#MeToo in Deutschland - Lesetipp:
Sebastian Schipper zu MeToo: "Erst einmal zuhören"
Mit Dieter Wedel hat die deutsche Filmbranche ihren eigenen Weinstein samt prominenten Kritikern und Unterstützern. Regisseur Sebastian Schipper mahnt im Spiegel zu rationalem Umgang.
Die Vorwürfe gegen Dieter Wedel ziehen weite Kreise in deutschen Medien: Der Regisseur ist der erste deutsche Prominente, der im Zuge der #MeToo-Debatte öffentlich mit Anschuldigungen konfrontiert wurde. Das hat Konsequenzen für ihn und für die Sender, die ihn beschäftigt hatten - und ruft zahlreiche Mitarbeiter und Kollegen auf den Plan. Die einen erklären in der Presse, die Vorwürfe seien haltlos, sie hätten nie etwas mitbekommen - die anderen räumen ein, von Übergriffen gewusst zu haben.
Einer der zweiten Gruppe ist der Regisseur und Schauspieler Sebastian Schipper (Victoria), der sich heute in einem Interview auf Spiegel Online zu Wedel und dem Schweigen am Set äußert, das Mitleid des Schauspielers Ulrich Tukur mit dem Regiestar kritisiert - und eine sachliche und vernünftige Meinung dazu hat, wie Menschen in Zeiten von "Darf man jetzt nicht mal mehr flirten?" mit dem Thema Machtmissbrauch umgehen könnten.

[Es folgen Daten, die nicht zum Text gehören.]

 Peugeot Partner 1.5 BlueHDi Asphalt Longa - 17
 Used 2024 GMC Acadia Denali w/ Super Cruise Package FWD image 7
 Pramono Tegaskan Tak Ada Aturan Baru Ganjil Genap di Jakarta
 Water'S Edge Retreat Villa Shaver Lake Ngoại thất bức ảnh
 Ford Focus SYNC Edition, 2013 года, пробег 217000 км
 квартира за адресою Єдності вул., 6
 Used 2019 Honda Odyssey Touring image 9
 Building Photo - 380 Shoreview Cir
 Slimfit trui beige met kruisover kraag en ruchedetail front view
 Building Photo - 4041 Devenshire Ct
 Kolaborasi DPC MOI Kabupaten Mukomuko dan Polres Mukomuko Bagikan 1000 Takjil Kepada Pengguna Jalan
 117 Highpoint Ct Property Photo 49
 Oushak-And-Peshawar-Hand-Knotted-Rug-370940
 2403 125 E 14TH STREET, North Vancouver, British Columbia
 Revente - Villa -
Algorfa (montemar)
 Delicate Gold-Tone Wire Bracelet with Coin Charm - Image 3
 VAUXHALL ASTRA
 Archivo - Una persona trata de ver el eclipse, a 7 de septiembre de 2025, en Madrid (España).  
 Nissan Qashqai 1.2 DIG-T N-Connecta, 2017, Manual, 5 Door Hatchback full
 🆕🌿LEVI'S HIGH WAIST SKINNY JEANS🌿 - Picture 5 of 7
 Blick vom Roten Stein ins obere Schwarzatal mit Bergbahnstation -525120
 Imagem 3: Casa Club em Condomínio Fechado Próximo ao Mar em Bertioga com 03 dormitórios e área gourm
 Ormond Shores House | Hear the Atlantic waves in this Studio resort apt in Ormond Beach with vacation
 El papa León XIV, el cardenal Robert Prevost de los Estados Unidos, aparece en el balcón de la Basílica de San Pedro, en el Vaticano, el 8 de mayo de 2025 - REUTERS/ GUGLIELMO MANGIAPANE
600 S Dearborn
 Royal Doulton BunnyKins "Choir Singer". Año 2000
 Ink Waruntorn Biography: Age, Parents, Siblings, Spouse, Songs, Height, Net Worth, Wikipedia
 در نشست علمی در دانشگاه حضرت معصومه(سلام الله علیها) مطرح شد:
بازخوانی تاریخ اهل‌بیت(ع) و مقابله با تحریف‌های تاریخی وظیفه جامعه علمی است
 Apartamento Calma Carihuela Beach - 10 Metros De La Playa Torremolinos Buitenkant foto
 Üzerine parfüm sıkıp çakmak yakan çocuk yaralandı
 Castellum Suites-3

Das hat Gehör verdient, finden wir, und empfehlen daher gern das Interview von Hannah Pilarczyk auf Spiegel Online als Lesetipp - unter anderem folgender Aussagen wegen:
Sebastian Schipper: "Ich glaube, es ist der erste wichtige Schritt in der aktuellen Situation für uns, erst einmal zuzuhören, statt den Themenkomplex sexuelle Belästigung zu kapern."
Schipper: "Es geht nicht darum, dass jetzt keine Fehler mehr gemacht werden dürfen. Es geht darum, dass Übergriffe und schlechtes Benehmen als Fehler benannt werden - und dass die betreffenden Leute Verantwortung übernehmen. Ansonsten normalisiert man Missbrauch."
Schipper: "... das Wort 'Hexenjagd' ist in diesem Zusammenhang (Anm.: mit MeToo) unsinnig. Damit bringt er (Anm.: der Regisseur Michael Haneke) ja zum Ausdruck, das Wesentliche an der Debatte um Missbrauch von Frauen sei, dass Männern Unrecht getan werde. Das ist an Groteskheit kaum zu überbieten. Was wir Männer zu lernen haben, ist: Diese Welt ist in ganz großen Teilen auf uns ausgerichtet. Was für ein unglaubliches Privileg das bedeutet, dass wir per se keine Angst haben müssen, dass man uns vergewaltigt, dass man uns lächerlich macht. Dass wir nicht ständig überlegen müssen, ob wir uns in bestimmten Situationen in Gefahr bringen! Das ist vielen von uns - inklusive mir - noch nicht in vollem Umfang bewusst."